◆ Exercise objective: None of the images should appear in your copy. Transcribe the data in full.

===============

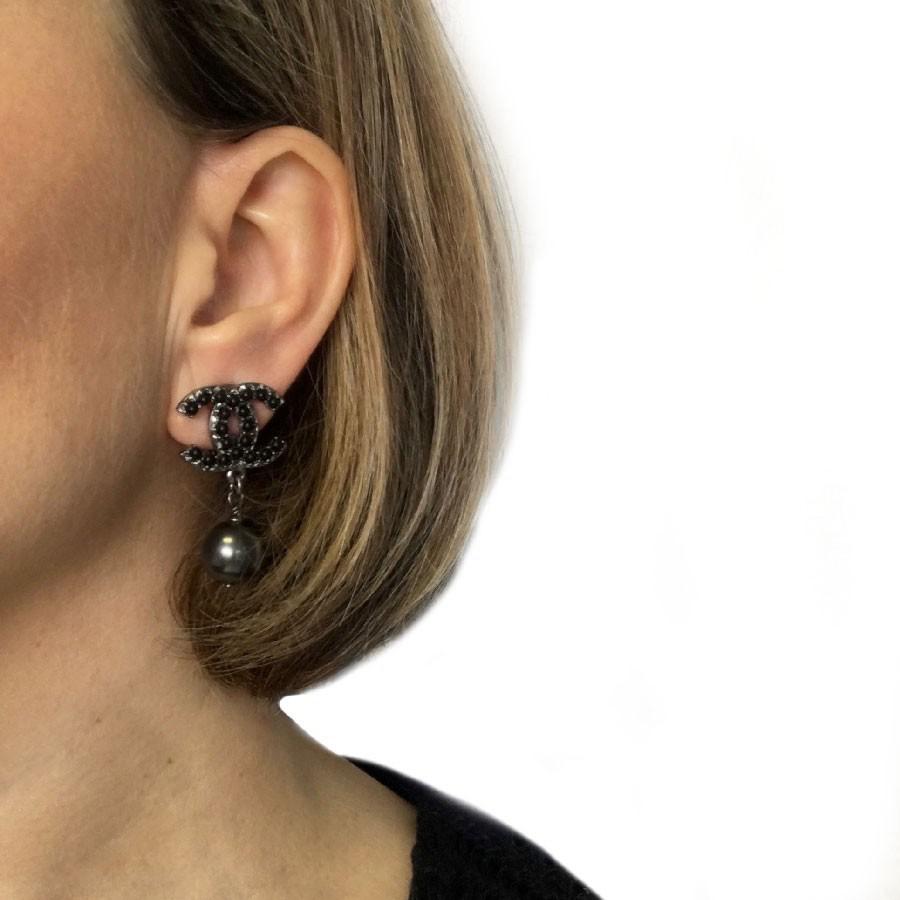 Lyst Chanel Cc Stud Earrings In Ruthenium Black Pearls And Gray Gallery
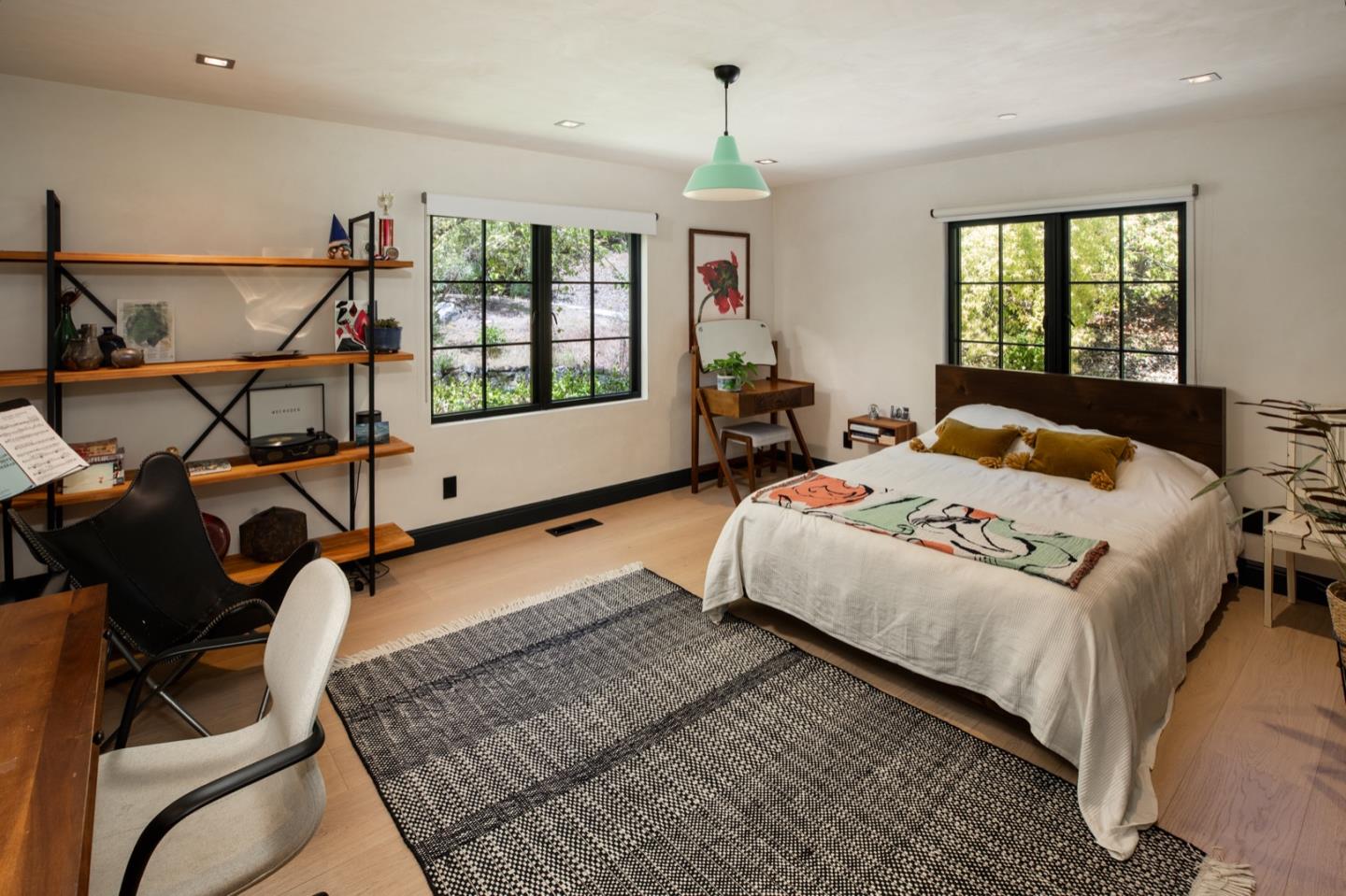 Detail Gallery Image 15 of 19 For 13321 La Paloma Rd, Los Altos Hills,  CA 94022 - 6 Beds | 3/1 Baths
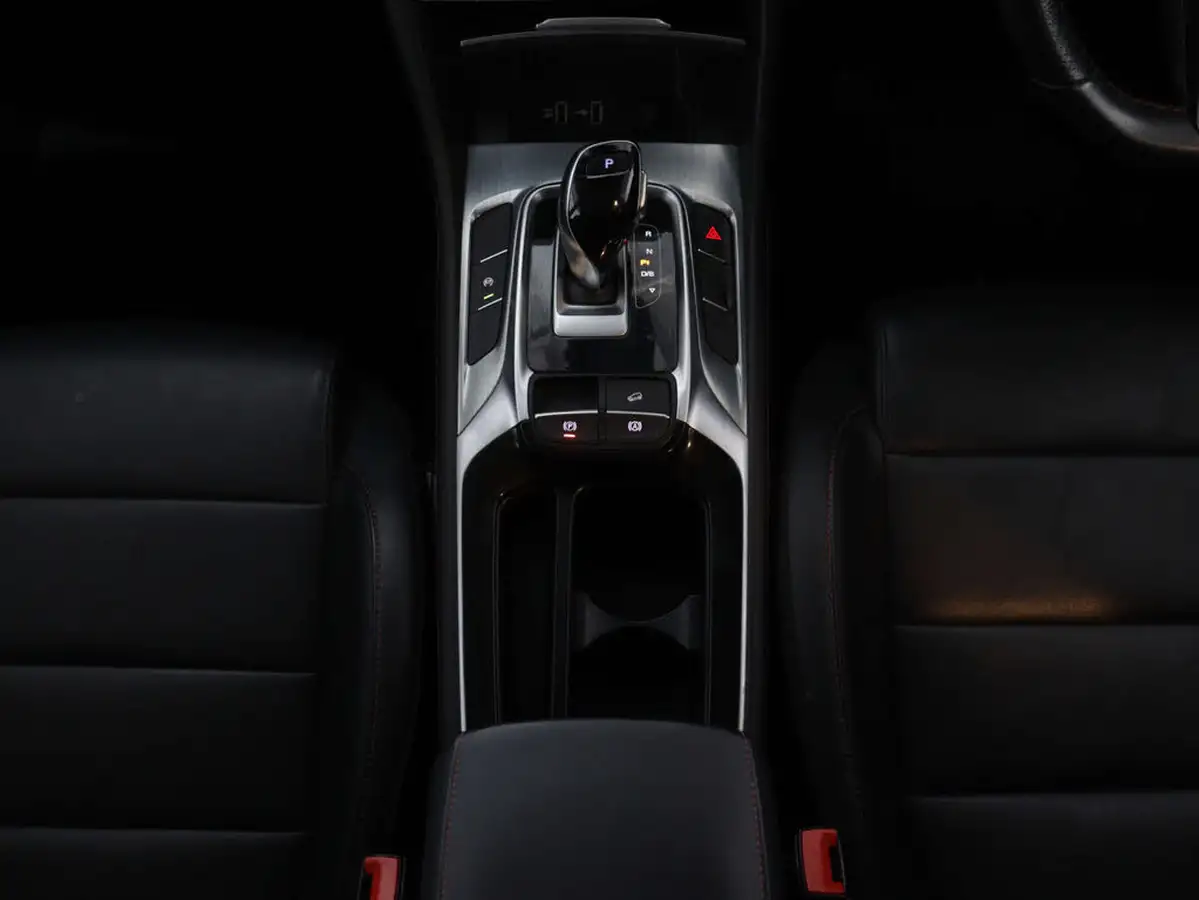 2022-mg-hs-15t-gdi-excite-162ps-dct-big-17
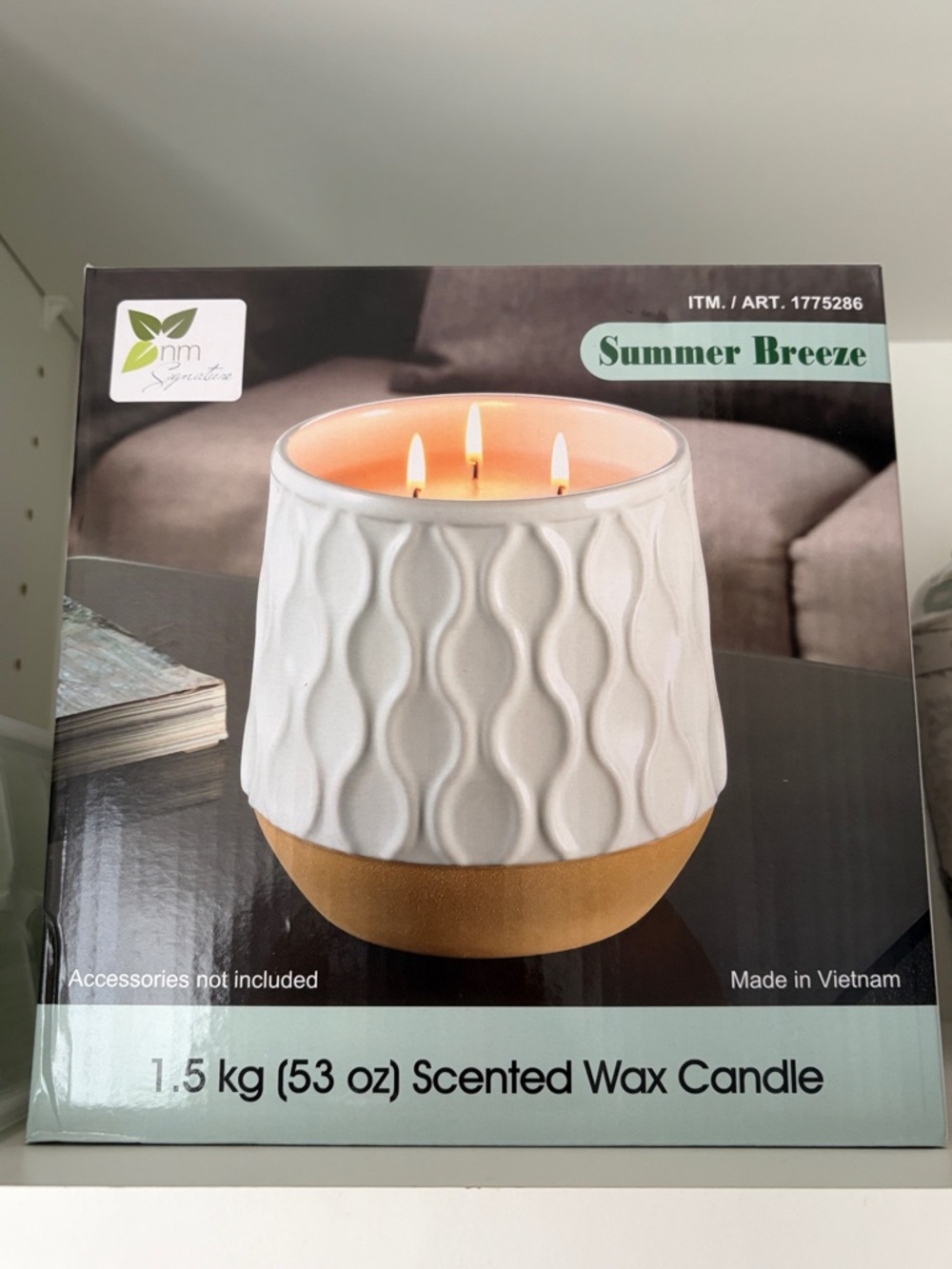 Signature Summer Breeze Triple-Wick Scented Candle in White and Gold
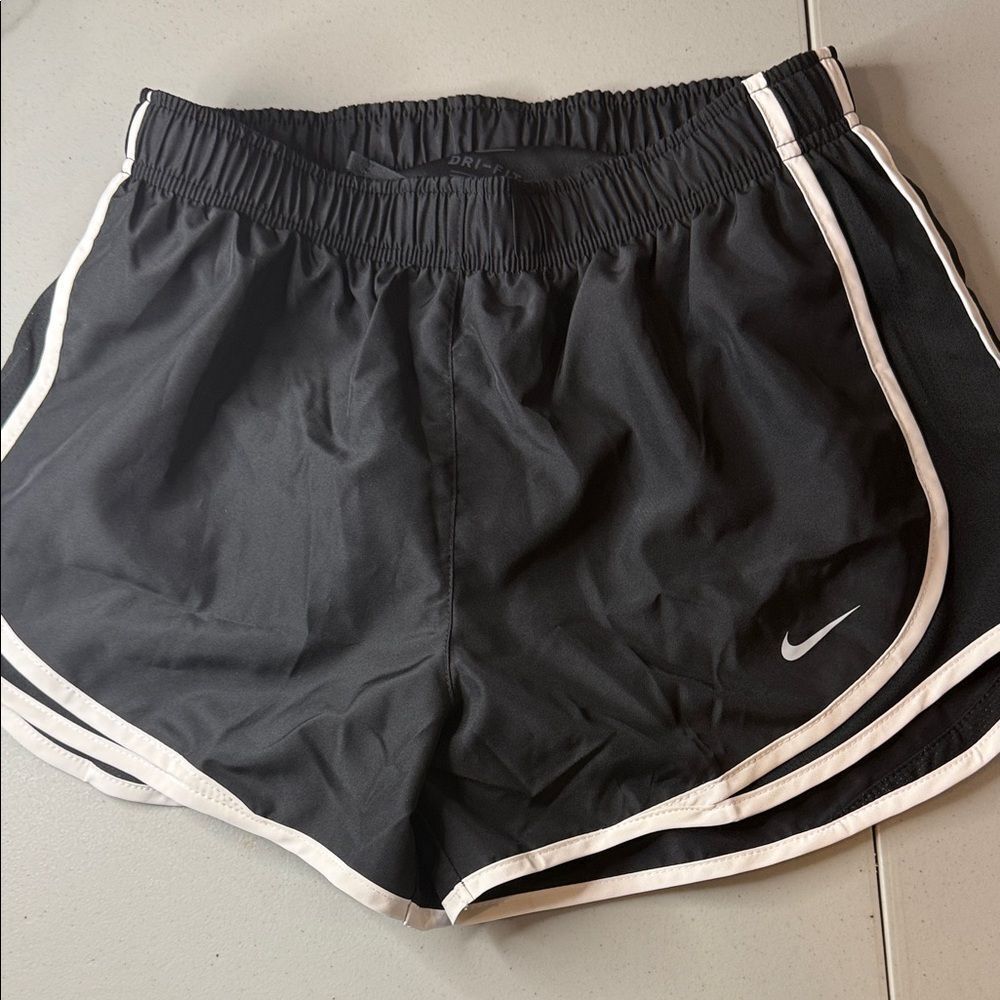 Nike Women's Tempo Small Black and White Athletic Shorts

===============

◆ Task result:
 Lyst Chanel Cc Stud Earrings In Ruthenium Black Pearls And Gray Gallery
 Detail Gallery Image 15 of 19 For 13321 La Paloma Rd, Los Altos Hills,  CA 94022 - 6 Beds | 3/1 Baths
 2022-mg-hs-15t-gdi-excite-162ps-dct-big-17
 Signature Summer Breeze Triple-Wick Scented Candle in White and Gold
 Nike Women's Tempo Small Black and White Athletic Shorts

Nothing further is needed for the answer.